##### RECORD EXTRACTS

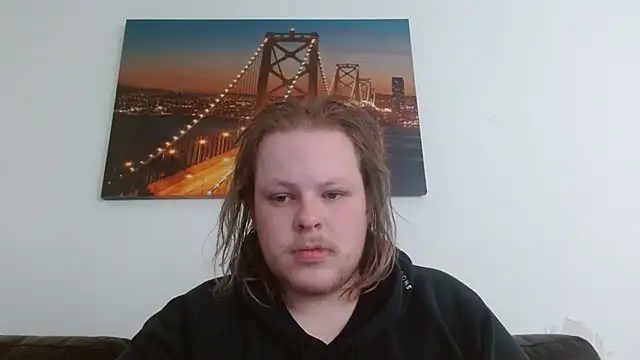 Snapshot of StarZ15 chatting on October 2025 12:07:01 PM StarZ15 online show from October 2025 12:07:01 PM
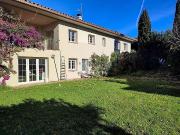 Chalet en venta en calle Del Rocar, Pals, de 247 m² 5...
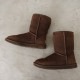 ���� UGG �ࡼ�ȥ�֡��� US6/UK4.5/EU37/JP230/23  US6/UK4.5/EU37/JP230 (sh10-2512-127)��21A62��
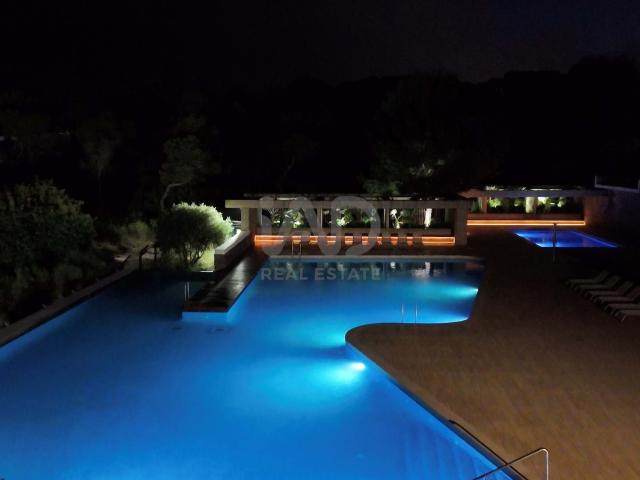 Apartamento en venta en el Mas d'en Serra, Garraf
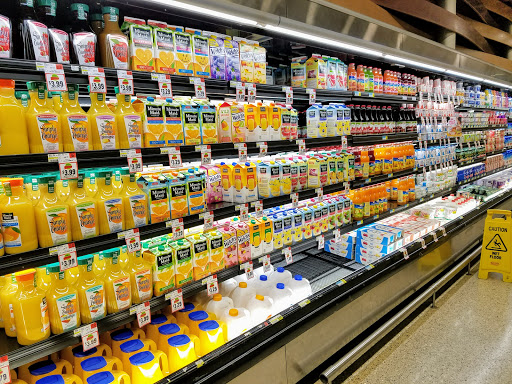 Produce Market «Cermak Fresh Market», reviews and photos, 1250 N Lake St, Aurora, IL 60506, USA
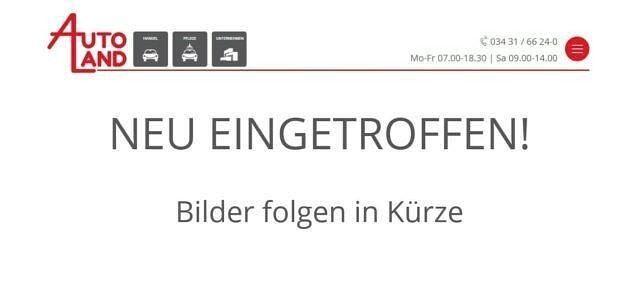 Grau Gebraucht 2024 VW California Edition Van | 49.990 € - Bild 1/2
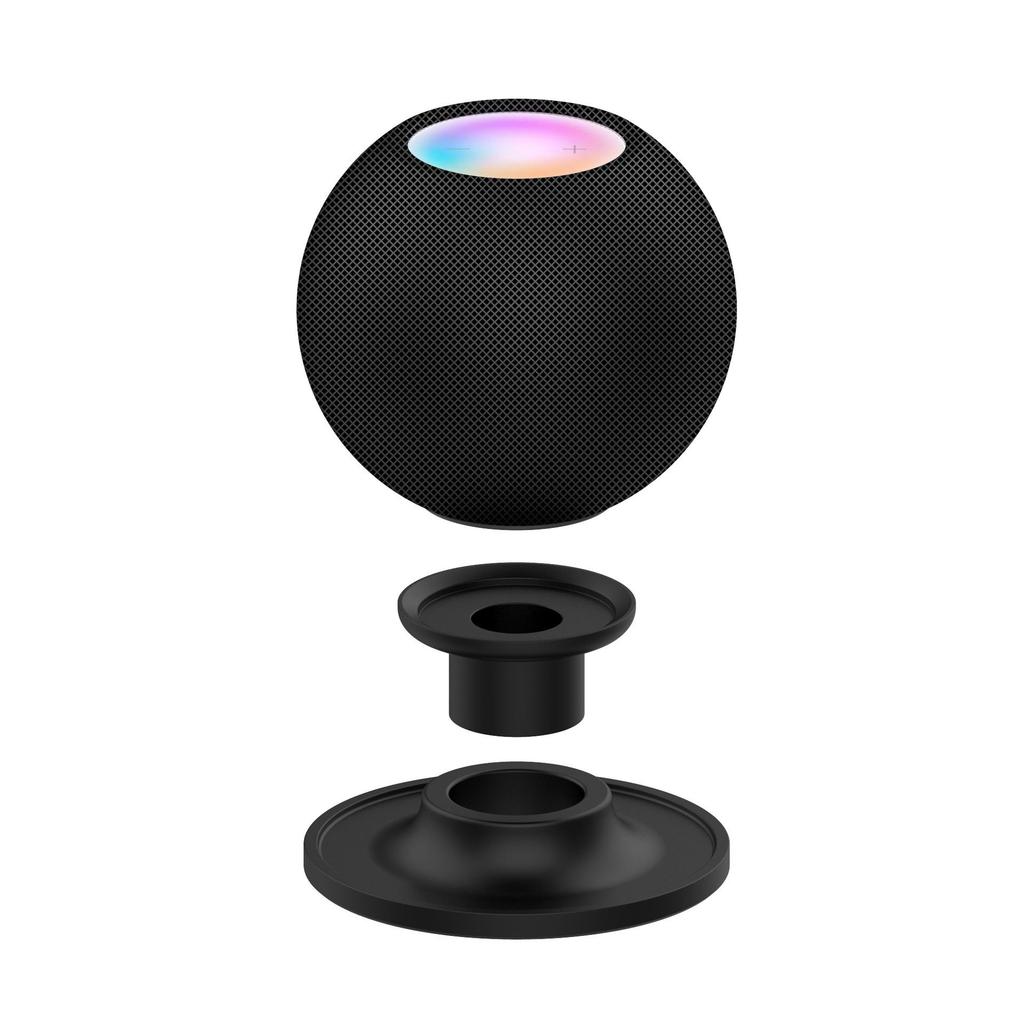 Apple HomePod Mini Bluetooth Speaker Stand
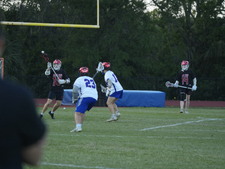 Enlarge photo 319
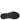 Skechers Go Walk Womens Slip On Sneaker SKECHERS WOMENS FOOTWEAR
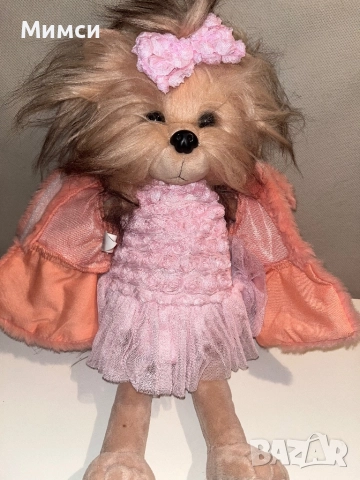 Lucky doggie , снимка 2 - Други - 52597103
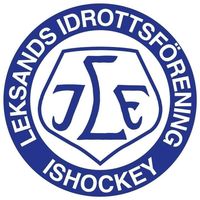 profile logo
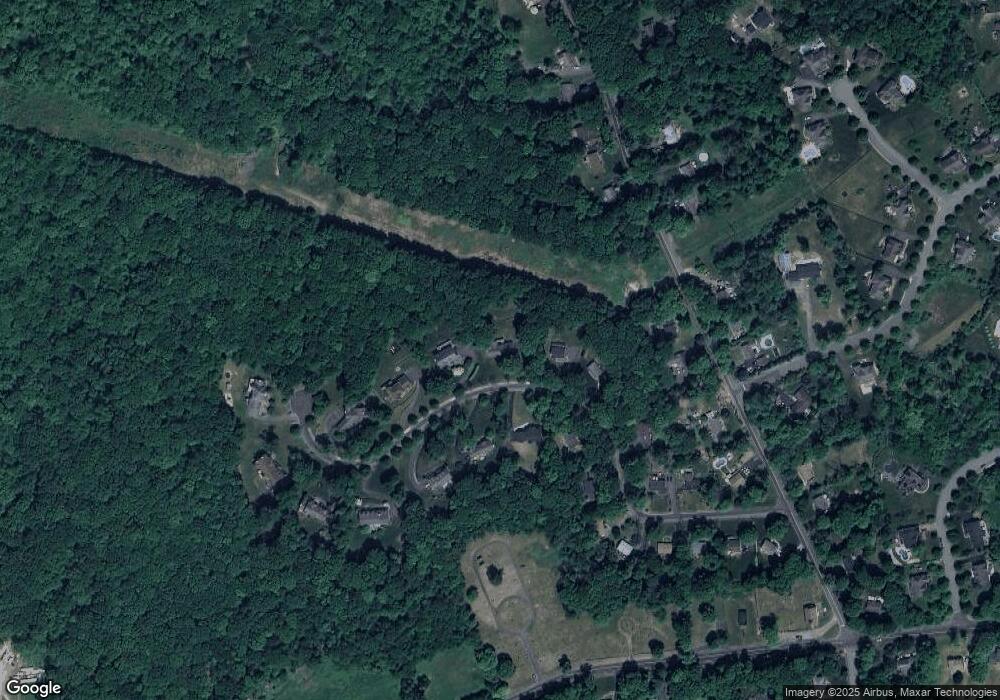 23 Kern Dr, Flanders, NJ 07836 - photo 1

##########
##### RECORD EXTRACTS

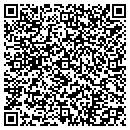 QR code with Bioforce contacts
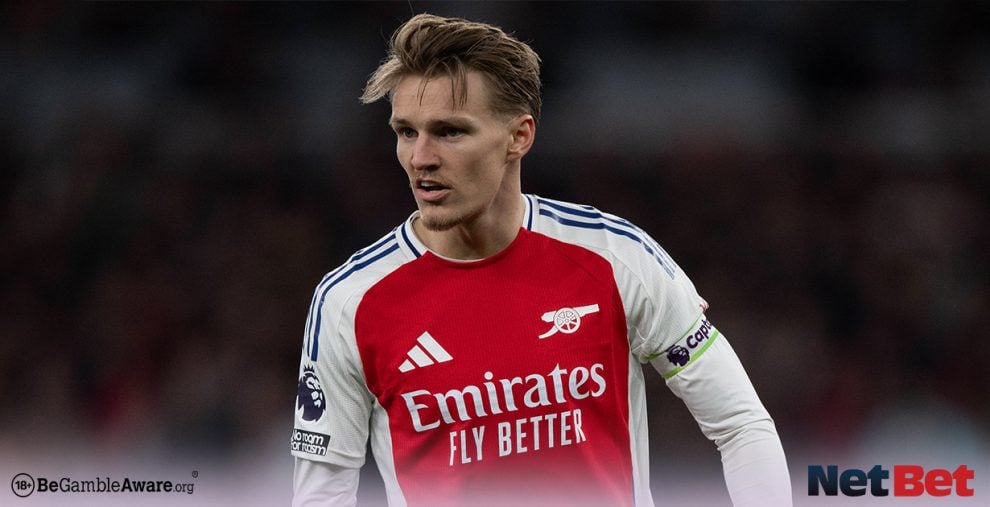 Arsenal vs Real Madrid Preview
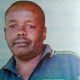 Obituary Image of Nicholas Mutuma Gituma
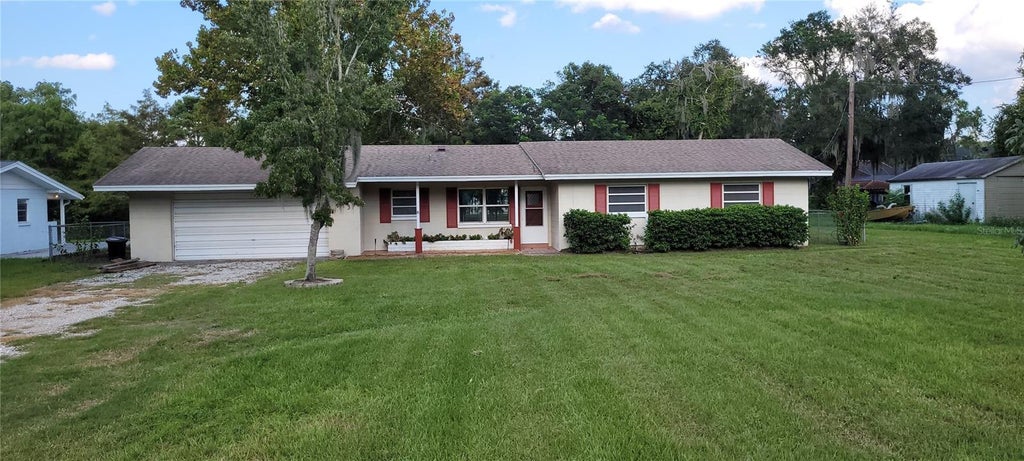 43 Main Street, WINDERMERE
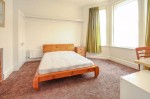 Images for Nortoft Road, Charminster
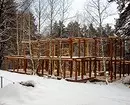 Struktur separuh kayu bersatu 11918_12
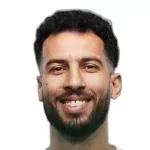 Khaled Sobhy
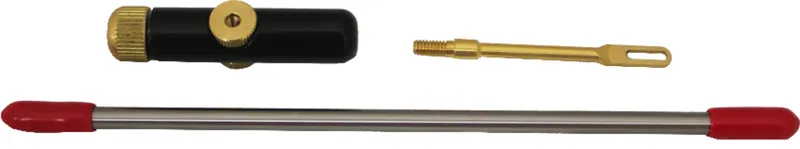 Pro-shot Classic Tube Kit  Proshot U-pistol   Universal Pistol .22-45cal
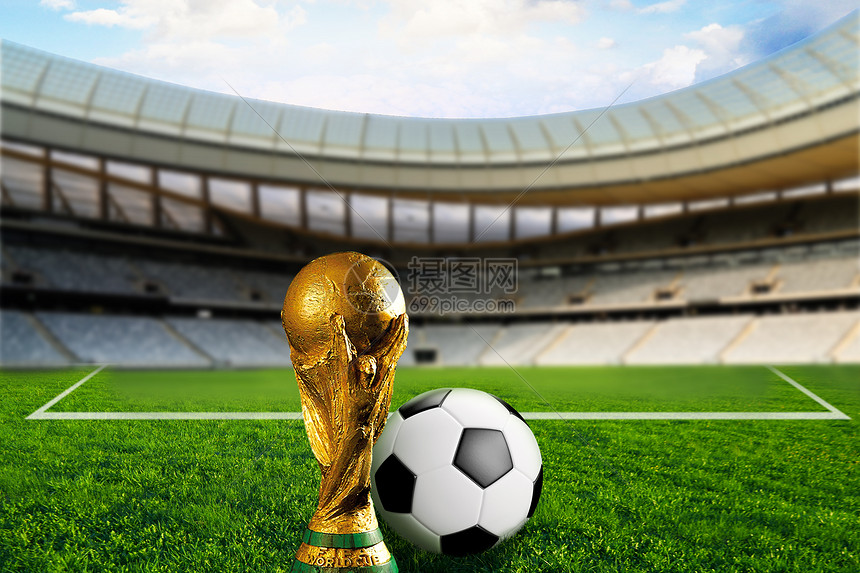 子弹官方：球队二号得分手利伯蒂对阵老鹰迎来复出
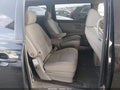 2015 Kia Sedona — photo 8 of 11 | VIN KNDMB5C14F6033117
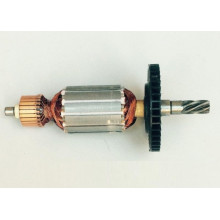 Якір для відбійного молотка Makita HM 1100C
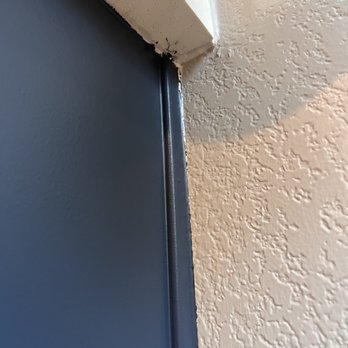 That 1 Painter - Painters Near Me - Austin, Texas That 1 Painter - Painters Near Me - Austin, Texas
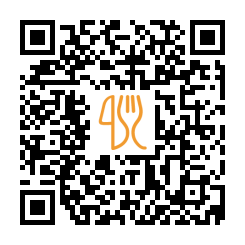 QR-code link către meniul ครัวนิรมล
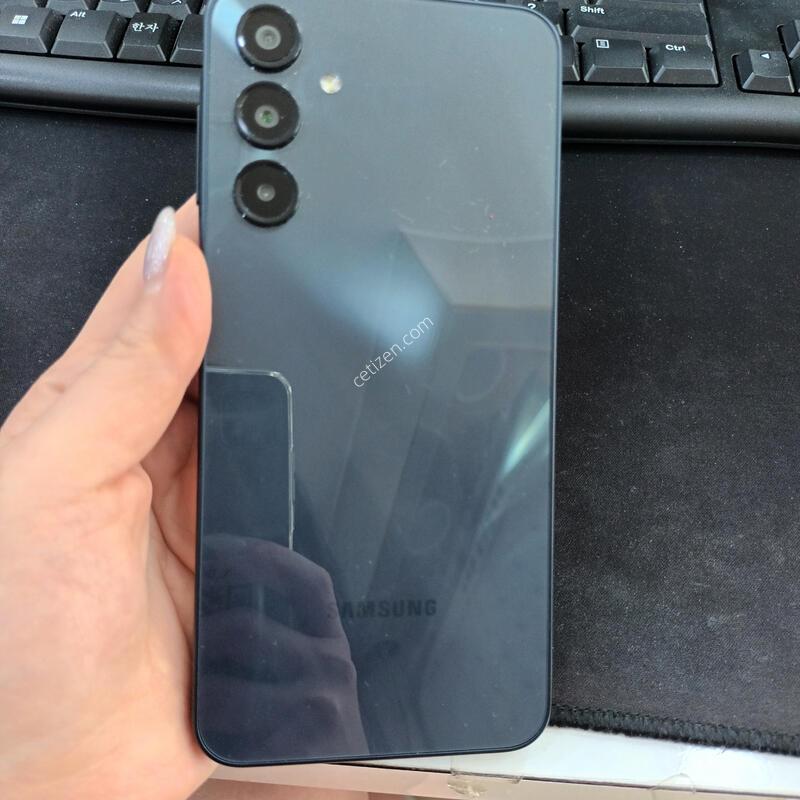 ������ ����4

##########
##### RECORD EXTRACTS

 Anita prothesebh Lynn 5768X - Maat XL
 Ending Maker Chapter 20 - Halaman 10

##########

• _PROBLEM_:
When you reach the line with "Grau Gebraucht 2024" in the records above, start writing out each line exactly, and stop after the line with "23 Kern Dr, Flanders, NJ 07836 - photo 1". Pictures stay out.

• _EXERCISE OUTPUT_:
 Grau Gebraucht 2024 VW California Edition Van | 49.990 € - Bild 1/2
 Apple HomePod Mini Bluetooth Speaker Stand
 Enlarge photo 319
 Skechers Go Walk Womens Slip On Sneaker SKECHERS WOMENS FOOTWEAR
 Lucky doggie , снимка 2 - Други - 52597103
 profile logo
 23 Kern Dr, Flanders, NJ 07836 - photo 1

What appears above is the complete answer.